## What to do
Write out exactly the lines below that run from the one containing "Child with backpack" through the one containing "Jewelry Bags 100pcs", both included, with no other lines.

Scraped caption text data
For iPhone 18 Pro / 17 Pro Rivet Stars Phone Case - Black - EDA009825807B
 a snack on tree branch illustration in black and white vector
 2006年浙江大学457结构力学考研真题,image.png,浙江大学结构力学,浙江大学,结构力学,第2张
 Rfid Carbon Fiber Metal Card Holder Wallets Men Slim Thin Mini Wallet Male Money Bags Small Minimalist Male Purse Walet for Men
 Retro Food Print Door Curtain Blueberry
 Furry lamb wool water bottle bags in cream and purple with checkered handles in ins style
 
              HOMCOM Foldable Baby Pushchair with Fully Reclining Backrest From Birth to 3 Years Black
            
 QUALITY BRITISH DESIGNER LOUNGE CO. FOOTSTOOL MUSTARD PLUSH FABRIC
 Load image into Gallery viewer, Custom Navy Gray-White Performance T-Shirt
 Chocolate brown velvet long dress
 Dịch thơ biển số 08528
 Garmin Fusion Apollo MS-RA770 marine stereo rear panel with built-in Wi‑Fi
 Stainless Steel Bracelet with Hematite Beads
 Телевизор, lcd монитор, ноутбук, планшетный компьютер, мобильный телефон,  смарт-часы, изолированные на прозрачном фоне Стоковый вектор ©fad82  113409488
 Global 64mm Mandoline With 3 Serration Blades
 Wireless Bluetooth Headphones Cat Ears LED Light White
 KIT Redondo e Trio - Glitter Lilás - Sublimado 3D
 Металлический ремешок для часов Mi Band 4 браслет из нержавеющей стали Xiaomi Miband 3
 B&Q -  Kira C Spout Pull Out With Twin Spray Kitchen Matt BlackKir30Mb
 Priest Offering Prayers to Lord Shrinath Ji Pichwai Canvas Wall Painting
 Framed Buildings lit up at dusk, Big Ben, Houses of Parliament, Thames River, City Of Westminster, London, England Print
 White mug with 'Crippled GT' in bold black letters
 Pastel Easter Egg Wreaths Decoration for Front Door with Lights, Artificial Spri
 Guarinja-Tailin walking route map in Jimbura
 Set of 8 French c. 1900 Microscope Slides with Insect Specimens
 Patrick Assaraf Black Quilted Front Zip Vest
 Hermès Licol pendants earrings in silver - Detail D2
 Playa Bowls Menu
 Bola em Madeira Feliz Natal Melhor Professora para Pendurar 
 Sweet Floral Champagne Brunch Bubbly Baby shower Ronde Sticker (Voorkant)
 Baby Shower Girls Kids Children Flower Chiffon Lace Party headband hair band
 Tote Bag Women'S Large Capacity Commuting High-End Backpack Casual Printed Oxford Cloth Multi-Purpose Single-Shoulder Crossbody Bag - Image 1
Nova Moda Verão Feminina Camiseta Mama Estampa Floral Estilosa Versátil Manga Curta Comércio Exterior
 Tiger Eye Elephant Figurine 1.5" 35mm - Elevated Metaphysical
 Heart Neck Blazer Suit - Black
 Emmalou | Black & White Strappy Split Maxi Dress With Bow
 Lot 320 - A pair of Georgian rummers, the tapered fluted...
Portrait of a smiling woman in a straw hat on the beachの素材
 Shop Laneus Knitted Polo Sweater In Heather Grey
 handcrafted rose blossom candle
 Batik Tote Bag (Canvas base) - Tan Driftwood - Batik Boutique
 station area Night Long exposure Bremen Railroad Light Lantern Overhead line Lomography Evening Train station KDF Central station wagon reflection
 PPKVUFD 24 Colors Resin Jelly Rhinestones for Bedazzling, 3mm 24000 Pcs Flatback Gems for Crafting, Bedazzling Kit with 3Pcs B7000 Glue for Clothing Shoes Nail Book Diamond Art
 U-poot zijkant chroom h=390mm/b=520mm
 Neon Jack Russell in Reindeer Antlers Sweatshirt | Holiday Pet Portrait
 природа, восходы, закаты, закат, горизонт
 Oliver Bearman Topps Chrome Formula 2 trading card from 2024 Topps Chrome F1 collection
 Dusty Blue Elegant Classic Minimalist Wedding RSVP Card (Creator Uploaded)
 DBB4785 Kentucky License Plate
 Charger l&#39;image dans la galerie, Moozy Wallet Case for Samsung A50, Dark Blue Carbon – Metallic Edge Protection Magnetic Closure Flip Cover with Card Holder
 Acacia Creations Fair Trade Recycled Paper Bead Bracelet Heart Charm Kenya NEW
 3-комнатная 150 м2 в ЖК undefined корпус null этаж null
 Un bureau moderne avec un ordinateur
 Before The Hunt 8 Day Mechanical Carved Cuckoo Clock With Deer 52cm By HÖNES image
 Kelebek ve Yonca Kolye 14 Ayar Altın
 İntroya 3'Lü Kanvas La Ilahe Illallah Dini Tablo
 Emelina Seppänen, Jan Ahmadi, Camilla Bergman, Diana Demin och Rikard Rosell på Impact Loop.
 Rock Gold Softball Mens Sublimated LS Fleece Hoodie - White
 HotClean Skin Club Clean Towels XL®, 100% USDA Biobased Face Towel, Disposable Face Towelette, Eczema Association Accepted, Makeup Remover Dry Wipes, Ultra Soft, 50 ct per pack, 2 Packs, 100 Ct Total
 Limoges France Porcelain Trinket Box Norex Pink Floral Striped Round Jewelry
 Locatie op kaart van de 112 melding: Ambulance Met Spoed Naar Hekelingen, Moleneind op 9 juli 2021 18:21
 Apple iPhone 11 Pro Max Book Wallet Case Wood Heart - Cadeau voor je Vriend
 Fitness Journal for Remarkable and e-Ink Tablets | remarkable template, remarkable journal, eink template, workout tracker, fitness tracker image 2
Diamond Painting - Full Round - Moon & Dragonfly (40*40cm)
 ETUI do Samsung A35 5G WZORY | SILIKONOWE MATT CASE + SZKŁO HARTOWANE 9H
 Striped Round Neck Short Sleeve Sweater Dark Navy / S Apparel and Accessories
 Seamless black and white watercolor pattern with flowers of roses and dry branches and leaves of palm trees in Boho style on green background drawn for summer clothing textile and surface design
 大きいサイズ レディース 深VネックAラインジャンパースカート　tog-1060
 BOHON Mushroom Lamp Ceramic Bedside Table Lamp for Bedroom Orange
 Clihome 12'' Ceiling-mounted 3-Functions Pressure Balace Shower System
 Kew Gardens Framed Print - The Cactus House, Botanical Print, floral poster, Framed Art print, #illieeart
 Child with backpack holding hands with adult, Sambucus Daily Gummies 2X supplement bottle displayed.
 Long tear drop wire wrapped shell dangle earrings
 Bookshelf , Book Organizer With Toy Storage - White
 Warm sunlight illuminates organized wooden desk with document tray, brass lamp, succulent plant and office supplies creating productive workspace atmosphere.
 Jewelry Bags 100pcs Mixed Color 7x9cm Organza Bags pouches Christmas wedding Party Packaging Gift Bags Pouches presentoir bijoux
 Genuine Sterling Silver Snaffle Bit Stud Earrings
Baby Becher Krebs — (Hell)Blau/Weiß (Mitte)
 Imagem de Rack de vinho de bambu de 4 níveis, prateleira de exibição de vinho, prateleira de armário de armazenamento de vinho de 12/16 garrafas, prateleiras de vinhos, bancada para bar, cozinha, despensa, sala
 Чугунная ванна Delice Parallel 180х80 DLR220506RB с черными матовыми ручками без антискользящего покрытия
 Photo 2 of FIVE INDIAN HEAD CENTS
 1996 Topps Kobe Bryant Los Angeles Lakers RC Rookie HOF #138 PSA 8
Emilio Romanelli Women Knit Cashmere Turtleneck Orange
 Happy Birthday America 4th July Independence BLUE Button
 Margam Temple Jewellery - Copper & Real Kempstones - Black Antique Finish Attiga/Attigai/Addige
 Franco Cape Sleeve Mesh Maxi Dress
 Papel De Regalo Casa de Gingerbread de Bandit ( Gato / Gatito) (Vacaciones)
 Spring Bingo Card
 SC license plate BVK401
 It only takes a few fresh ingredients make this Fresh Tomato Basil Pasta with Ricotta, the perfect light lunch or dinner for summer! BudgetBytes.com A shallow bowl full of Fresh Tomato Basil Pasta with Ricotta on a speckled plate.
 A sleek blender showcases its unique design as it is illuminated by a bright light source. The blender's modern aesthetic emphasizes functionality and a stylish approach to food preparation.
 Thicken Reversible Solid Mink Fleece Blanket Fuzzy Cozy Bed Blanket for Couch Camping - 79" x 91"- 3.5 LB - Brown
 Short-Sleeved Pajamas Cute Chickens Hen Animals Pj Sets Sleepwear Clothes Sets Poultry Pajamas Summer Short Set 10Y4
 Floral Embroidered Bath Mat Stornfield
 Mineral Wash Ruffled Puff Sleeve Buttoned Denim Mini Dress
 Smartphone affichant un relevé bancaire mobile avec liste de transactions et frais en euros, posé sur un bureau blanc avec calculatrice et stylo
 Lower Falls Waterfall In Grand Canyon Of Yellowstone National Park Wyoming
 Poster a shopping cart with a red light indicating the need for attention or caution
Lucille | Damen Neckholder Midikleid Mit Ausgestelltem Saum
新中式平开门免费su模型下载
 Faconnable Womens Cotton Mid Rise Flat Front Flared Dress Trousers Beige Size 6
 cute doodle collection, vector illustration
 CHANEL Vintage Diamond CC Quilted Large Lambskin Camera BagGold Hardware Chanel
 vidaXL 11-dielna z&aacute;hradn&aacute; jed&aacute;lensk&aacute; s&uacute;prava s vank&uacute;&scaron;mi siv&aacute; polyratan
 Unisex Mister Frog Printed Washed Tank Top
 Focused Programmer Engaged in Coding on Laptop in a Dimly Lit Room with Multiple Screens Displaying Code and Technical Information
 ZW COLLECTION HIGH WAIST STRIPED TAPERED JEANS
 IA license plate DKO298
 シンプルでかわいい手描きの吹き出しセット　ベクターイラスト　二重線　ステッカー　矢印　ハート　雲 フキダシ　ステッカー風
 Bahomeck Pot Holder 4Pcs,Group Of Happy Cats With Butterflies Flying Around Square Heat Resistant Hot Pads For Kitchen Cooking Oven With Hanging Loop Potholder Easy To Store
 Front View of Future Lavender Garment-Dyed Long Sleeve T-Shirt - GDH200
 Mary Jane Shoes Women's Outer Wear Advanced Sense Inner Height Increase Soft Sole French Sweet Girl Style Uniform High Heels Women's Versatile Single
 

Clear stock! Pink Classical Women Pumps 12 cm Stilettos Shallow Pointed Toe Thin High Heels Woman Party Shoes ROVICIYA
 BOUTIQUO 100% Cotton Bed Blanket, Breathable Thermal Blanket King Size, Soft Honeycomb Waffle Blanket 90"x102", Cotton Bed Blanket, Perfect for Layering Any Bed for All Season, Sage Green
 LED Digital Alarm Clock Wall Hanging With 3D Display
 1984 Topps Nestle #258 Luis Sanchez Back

## Response for this exercise
 Child with backpack holding hands with adult, Sambucus Daily Gummies 2X supplement bottle displayed.
 Long tear drop wire wrapped shell dangle earrings
 Bookshelf , Book Organizer With Toy Storage - White
 Warm sunlight illuminates organized wooden desk with document tray, brass lamp, succulent plant and office supplies creating productive workspace atmosphere.
 Jewelry Bags 100pcs Mixed Color 7x9cm Organza Bags pouches Christmas wedding Party Packaging Gift Bags Pouches presentoir bijoux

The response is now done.